Public ideas


True-cost accounting

The disciplines of economics and accounting are a long way apart, but they shouldn’t be. At their core is the determination of the cost and the value of economic activity. The competitive economic model – that set of lines a lecturer constructs on a whiteboard – is supposed to set a price that exactly covers the cost of production. Accounting is also concerned with bringing to attention the true cost of economic activity in quantifiable units.

The disciplines diverge on a practical level, however. A basic principle of economics, transcending most political ideologies, is that it should ensure that scarce resources are put to use in a way that maximizes human welfare.[1] The cost of many of those resources do not necessarily appear in market prices, however, even when those markets seem to comply with the economists’ models.

The most prominent example of our time relates to the contribution to global warming resulting from use of fossil fuels. The true cost of a kWh hour of electricity, or operation of an internal combustion engine, should include the cost of the damage imposed to those who are affected or who will be affected by climate change: this is the principle upon which a carbon price can be set. It is an attempt to bring what is known to economists as the “externality” (otherwise “external” to the market), to account.

While the cost of climate change is the most important current example of externalities, almost all economic activity includes costs, and often benefits, that aren’t picked up in market transactions. They include the depletion of scarce environmental resources, and effects on the well-being of people resulting from economic activity.

Some people criticize the whole discipline of economics, claiming that it ignores environmental and social issues. It’s an inaccurate criticism based on a misunderstanding, that often results in social and environmental activists distancing themselves from public debate. Economics is actually concerned with all scarce resources, everything from the condition of wetlands through to children’s access to nutrition and education in poor countries, even if these are hard to bring to account.
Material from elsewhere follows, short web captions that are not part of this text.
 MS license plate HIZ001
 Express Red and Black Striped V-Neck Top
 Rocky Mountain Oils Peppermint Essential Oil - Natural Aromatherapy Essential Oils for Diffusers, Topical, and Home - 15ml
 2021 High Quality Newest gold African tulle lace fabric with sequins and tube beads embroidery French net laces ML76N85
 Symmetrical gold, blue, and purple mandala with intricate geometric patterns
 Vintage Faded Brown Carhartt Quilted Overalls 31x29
The way these costs are covered is moving ground, but the general approach so far has been for corporations and governments to report what they can in conventional accounting terms, which would include those externalities that have been brought to account in a carbon tax or waste levy for example, and to cover other externalities in Environmental, Social and Governance (ESG) statements, or in equivalents such as our government’s Measuring What Matters statements.
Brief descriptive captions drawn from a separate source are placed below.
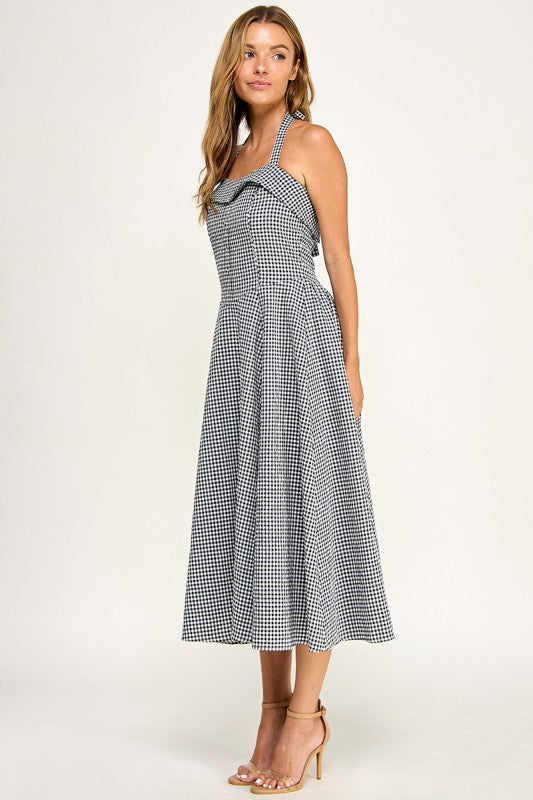 D5526-5 Gingham Corset Midi Dress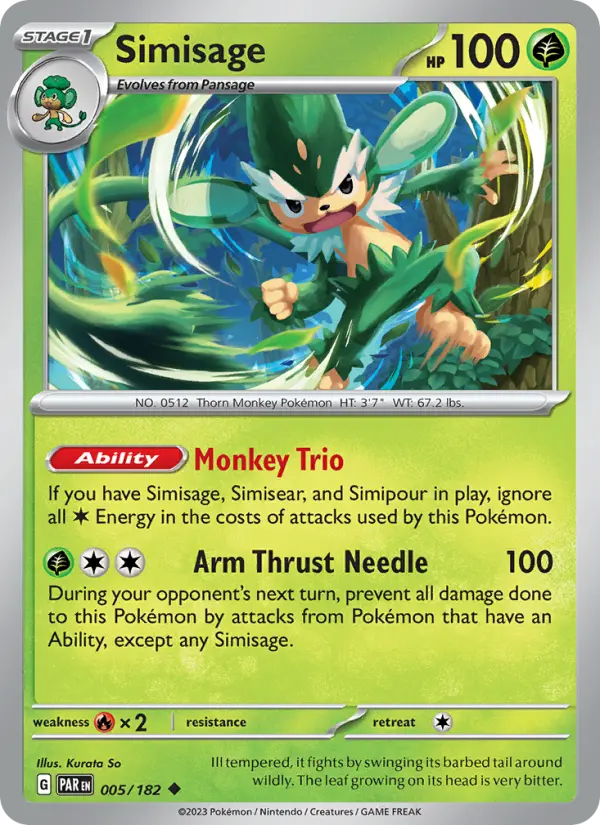 Simisage, Pokémon card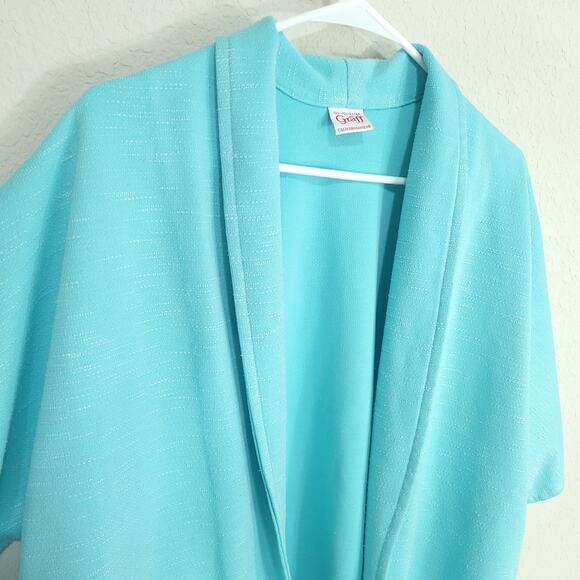 Graff Californiawear Cardigan Jacket Womens Large Aqua Blue Short Sleeve Dolman - Picture 6 of 10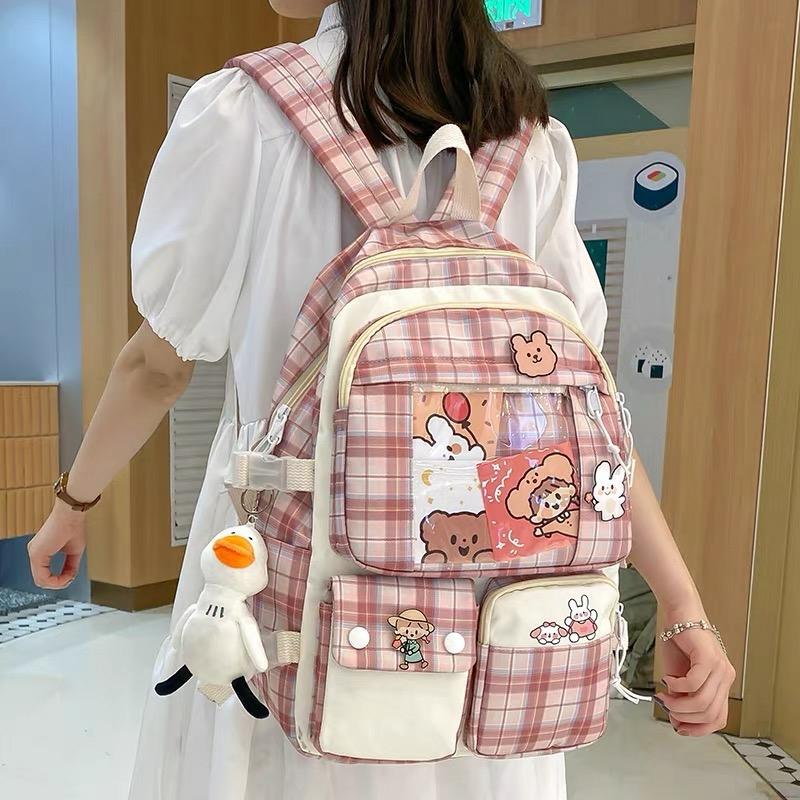 Kawaii Japanese High School Plaid Backpack – Limited Edition  |  Bags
The trouble with such statements is that they appear as an add-on, perhaps as a PR exercise or a concession to the “left”, separate from the “real” statements of profit and loss. That’s why many believe ESG is an inadequate and short-term way of dealing with serious issues of costing, while we work on something better.
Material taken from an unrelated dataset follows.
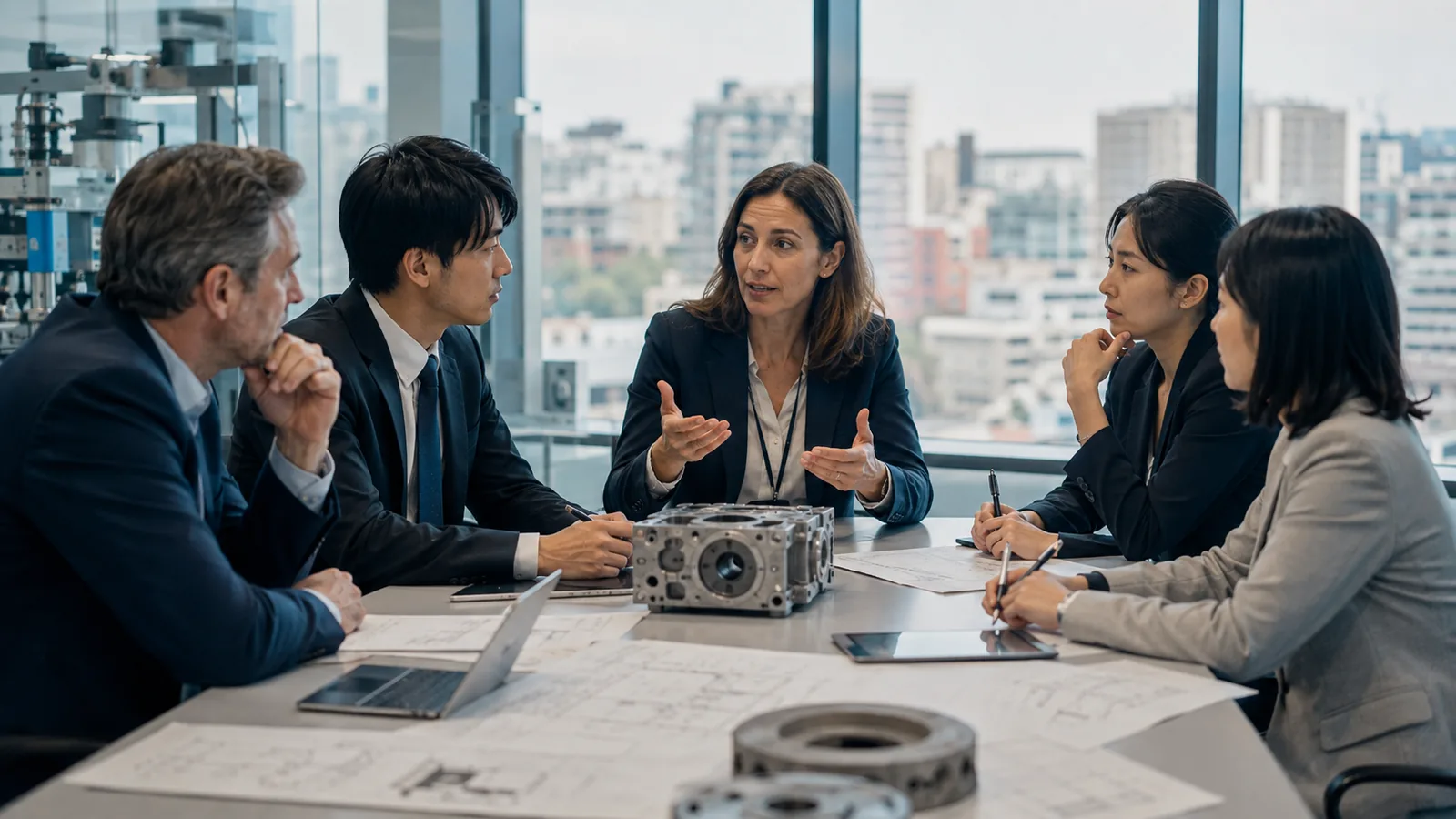 Reunión técnica de ingeniería con interpretación de coreano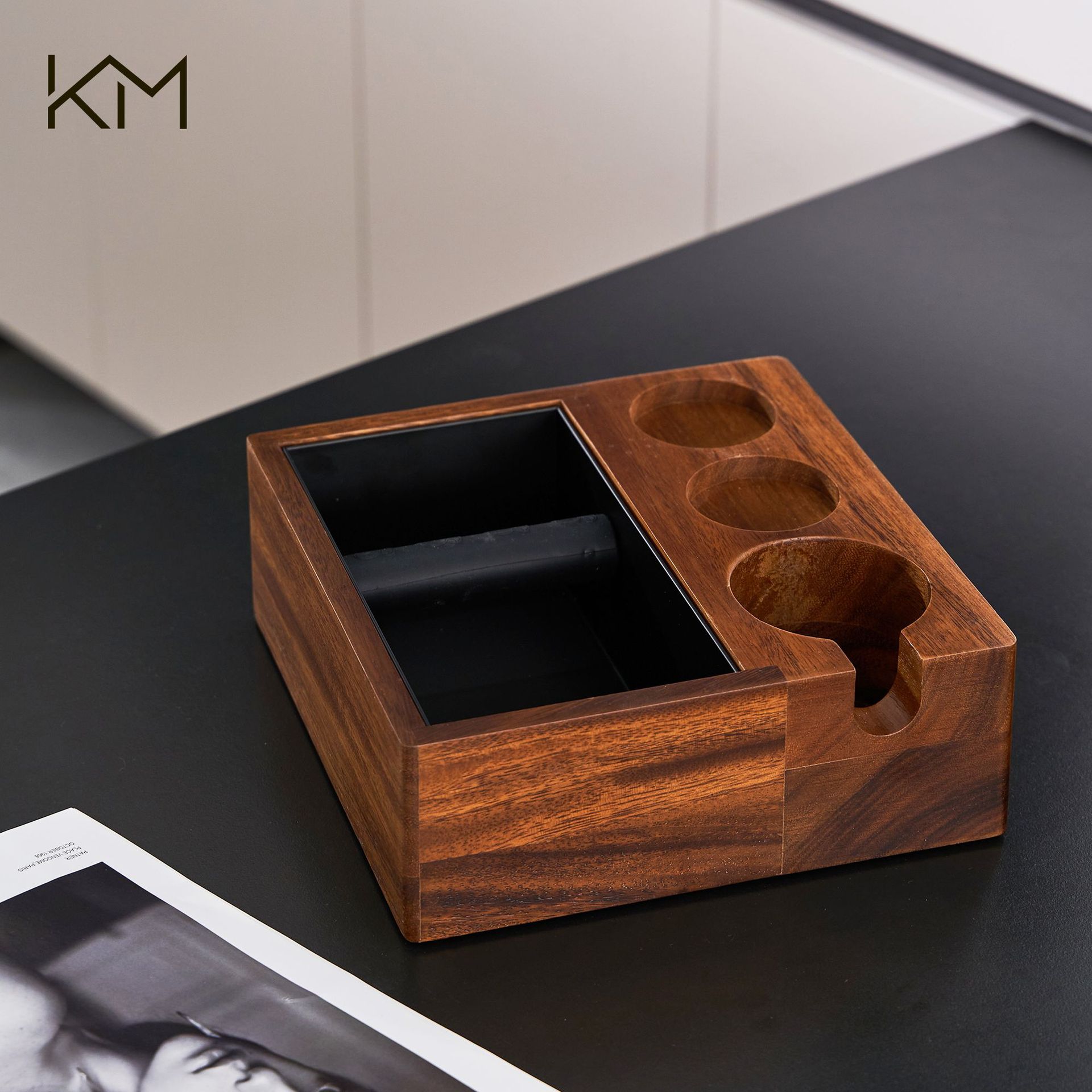Cuatro en uno café knock caja de escoria máquina de café italiano mango soporte de almacenamiento caja de escoria nogal polvo prensado titular Cubo de escoria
Writing in The Journal of Behavioural Economics and Social Systems, Peter Fritz and Nicholas Malloy argue for bringing all costs to account in one system, giving meaning to what they call “true cost accounting”: “Money Changes Everything”: New Forms of Economic and Political Models. Their idea is not radical in concept: it is really about bringing the disciplines of economic and accounting together. They acknowledge the practical problems in such integration, but they note that there are more and more technologies that allow us to monitor and measure the effects of our activities. They conclude:

New accounting procedures which incorporate the costs of “externalities” into prices will use the same market forces which now encourage the exploitation of human and natural resources to favour companies which minimise harm. The majority of price-sensitive consumers hunting for the best quality at the lowest price will encourage innovation and efficiency in the cause of social and environmental responsibility just as the minority of socially conscious consumers already do.


1. This is also a “deep green” ideology, which suggests that this definition is too human-centric.


Starvation or birth control?

In 1798 Thomas Malthus produced his major work Essay on the Principles of Population, where he pointed out that while the world population was growing at an exponential rate, food production was growing only at a linear rate. Mass starvation leading to population collapse was just around the corner.

The world population was about one billion at the time.

Then in 1972, when the world population had reached four billion, the Club of Rome published The Limits of Growth, a work that captured world attention. The Malthusian collapse had merely been deferred, but was now imminent if we continued on our business-as-usual path.

The “green revolution”, resulting from new plant varieties, better agricultural practices, and use of fertilizers, left the Club of Rome looking unnecessarily alarmist. The world population is now eight billion, and while there is terrible famine in parts of sub-Saharan Africa, there is no apparent problem with world food production.

Martyn Goddard, writing in his Policy PostDefusing the population bomb – in his usual data-rich way, takes us through the dynamics of population growth and resource use, particularly resources used in food production. Malthus and the Club of Rome were right: we have been granted a reprieve, not a permanent escape from the fundamental rules of nutrition. The good news, however, is that birth rates are falling, and by some time this century we will reach peak population. Only in Africa is population still growing quickly.

That doesn’t mean we can sit back and relax. We need to be much cleverer in the way we use our scarce resources. For example we must use fertilizers much more carefully: the waste of phosphate fertilizers is increasingly serious, he points out. We must reduce food waste, and we mustn’t let poor agricultural practice wreck life-sustaining ecosystems.

Malthus saw starvation as the mechanism to limit population. Goddard, in common with development economists, sees the virtuous circle of lifting people out of poverty, educating women, and reducing birth rates, as the tried and morally more acceptable way of controlling population.